To those of us with only First World problems, there’s a quaint, Romantic aura associated with the ailment now known as tuberculosis, commonly called “consumption” in Victorian novels and Italian operas. Tragic heroines wasted away and died from it; poets aflame with its fatal fever poured out their heightened creativity in verse. TB may still be the world’s biggest killer among infectious diseases, with more than 10 million active cases estimated as of 2016; but in modern America we tend to think of it as a remnant of the past. With skin tests, BCG vaccine and antibiotics readily available, we feel safe from its ravages.

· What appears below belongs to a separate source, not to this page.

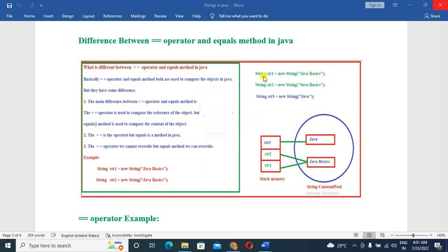For example, we have string str1 equal to new String of 'Java Basics'. Here a new object is created by the new operator with value 'Java Basics', and this reference is str1. When we create a string object, the reference is stored in stack memory.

Prior to the mid-20th century, that wasn’t yet the case. In 1815, one in four deaths in England was due to “consumption.” By 1918, one in six deaths in France was still caused by TB. Treatment protocols ranged from the gruesome – deliberately collapsing a lung to give it a “rest” – to the pleasurable: You’ve probably seen French movies where upper-class TB patients are sent to a posh sanatorium for a nice long rest cure, involving lots of lounging about in sunshine and fresh Alpine air.

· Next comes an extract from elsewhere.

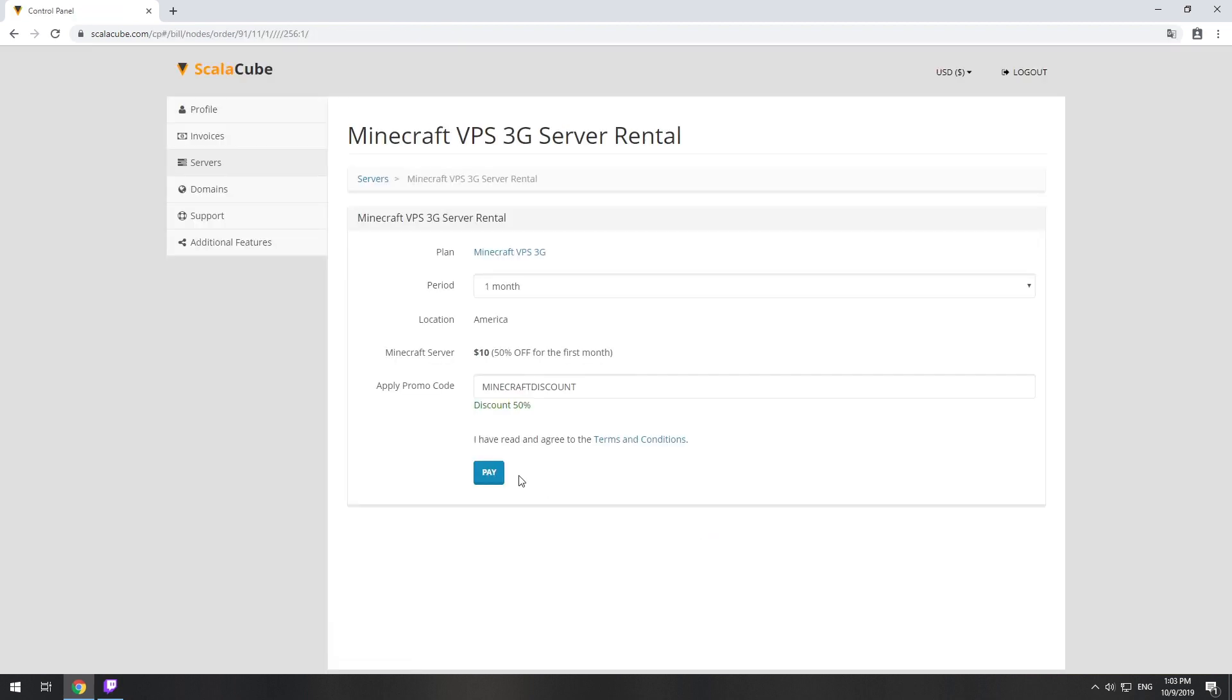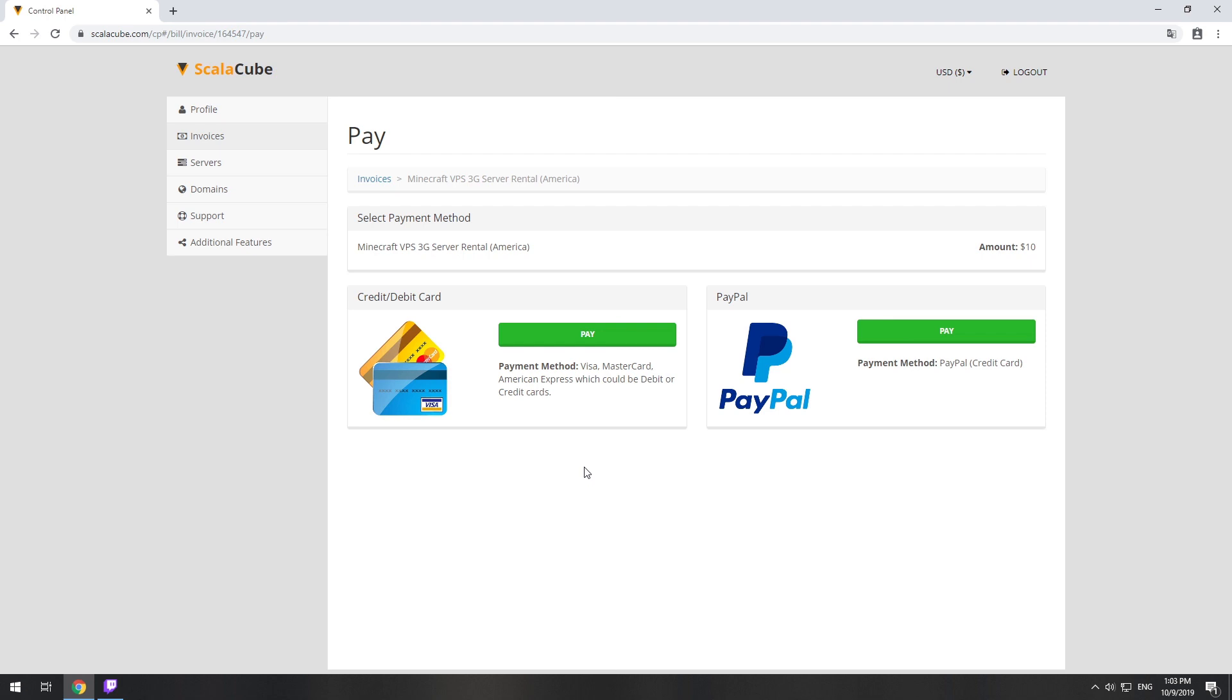Now purchase a server. The server will be ready within 5 minutes after we receive payment.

For the urban poor who were the most commonly infected, accommodations were more like prisons than spas, but the theory behind treatment remained fairly consistent for a long time: Rest, “heliotherapy,” sleeping in open-air spaces were all deemed curative. Even after germ theory took hold, environmental conditions were recognized as having profound effects on human health, for better or worse.

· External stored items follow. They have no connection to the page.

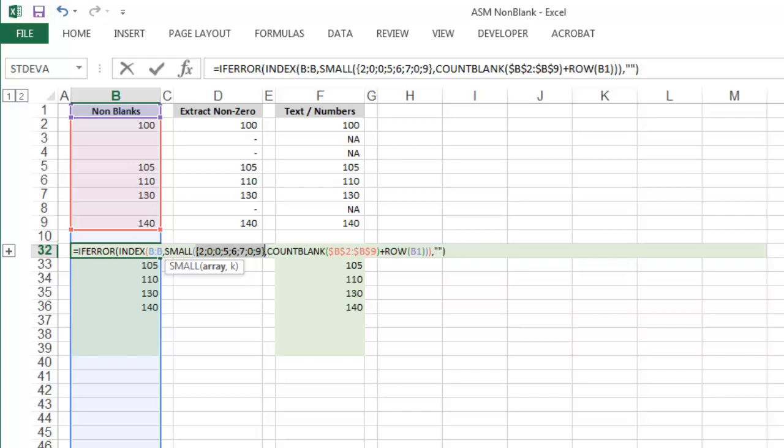And that's an example of how to better audit formulas using the F9 key. Hope the tip's helpful. That's all for now. Bye-bye then.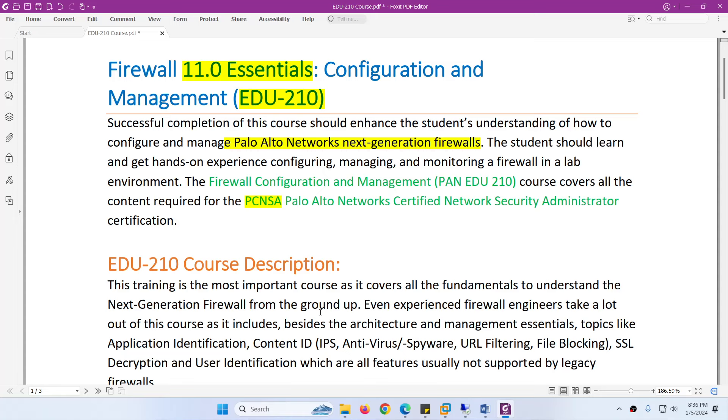We are going to start Palo Alto Firewall Version 11 Essentials Configuration and Management EDU210. After completing this course, you will understand how to configure and manage Palo Alto Networks Next Generation Firewalls.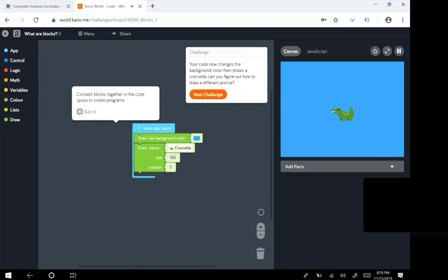Connect blocks together in code space to create programs. Your code now changes the background color then draws the crocodile. Can you figure out how to draw a different animal?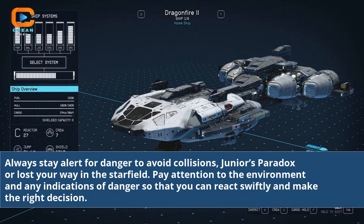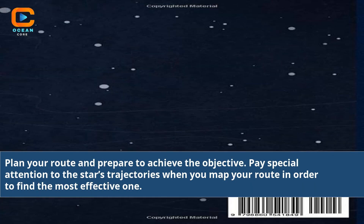Always stay alert for danger to avoid collisions or losing your way in the starfield. Pay attention to the environment and any indications of danger so that you can react swiftly and make the right decision. Plan your route and prepare to achieve the objective. Pay special attention to the stars' trajectories when you map your route in order to find the most effective one.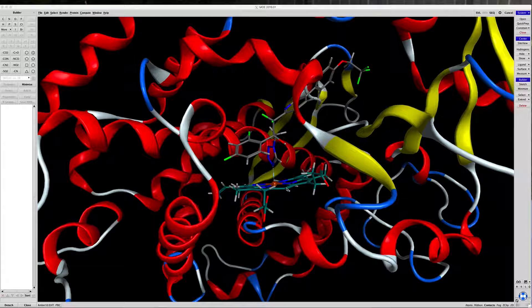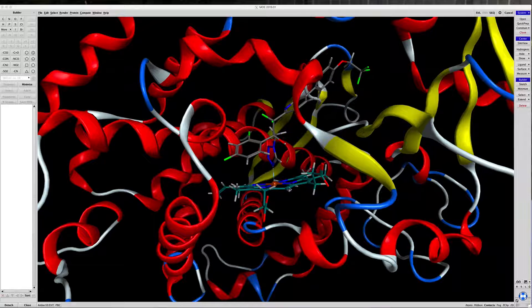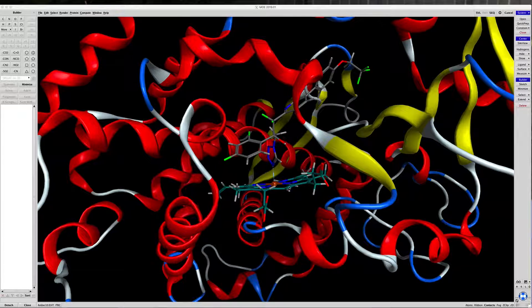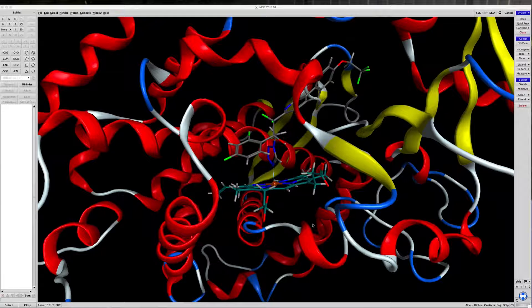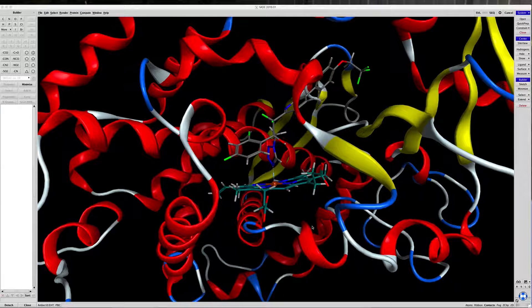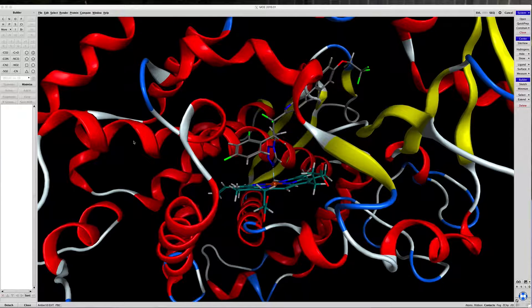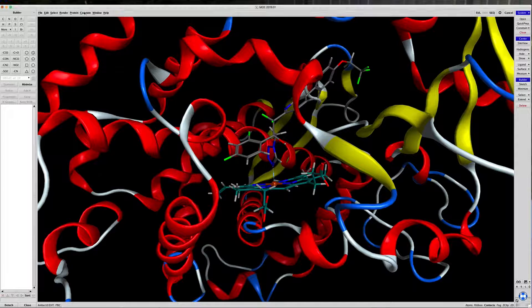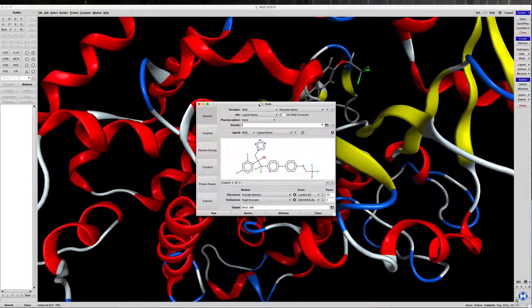I've changed the colorization of the heme to make it more visible, and I've removed the side chains and backbone residues to clean up the window. Let's go up to Compute and Dock so we can get started.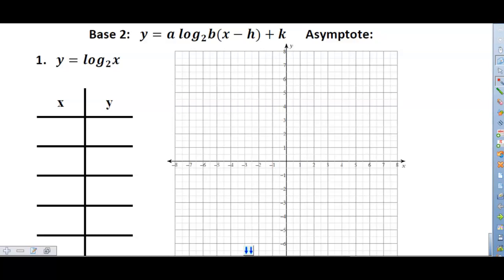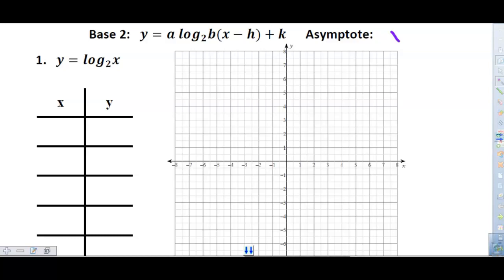The purpose of this video is to explain how to graph using transformations with parent graphs. These are logarithms, and we're going to go over the parent graph for base two. In the general form, there's an 'a' value in front for vertical stretch or compression, a 'b' value as the coefficient of x that needs to be factored out, 'h' for left and right, and 'k' for up and down. For logarithms, the asymptote is vertical and will always be x equals h, written as a dotted line.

That was the mindset at the time that the Samuel and Nettie Bowne Hospital was established on the rural outskirts of Poughkeepsie. Samuel Bowne had made a sizable fortune hawking cod liver oil as a founding partner of the New York City pharmacological firm Scott and Bowne, and went on to establish a reputation as a generous philanthropist before succumbing to a series of strokes in 1910. His widow wanted to build a 50-bed hospital in his memory, choosing a site on the former Pendell Farm and donating $50,000 to the project. Construction began on the main hospital building in 1913; it gradually expanded to comprise three large buildings linked by long open-air porches, plus an array of pavilions and outbuildings.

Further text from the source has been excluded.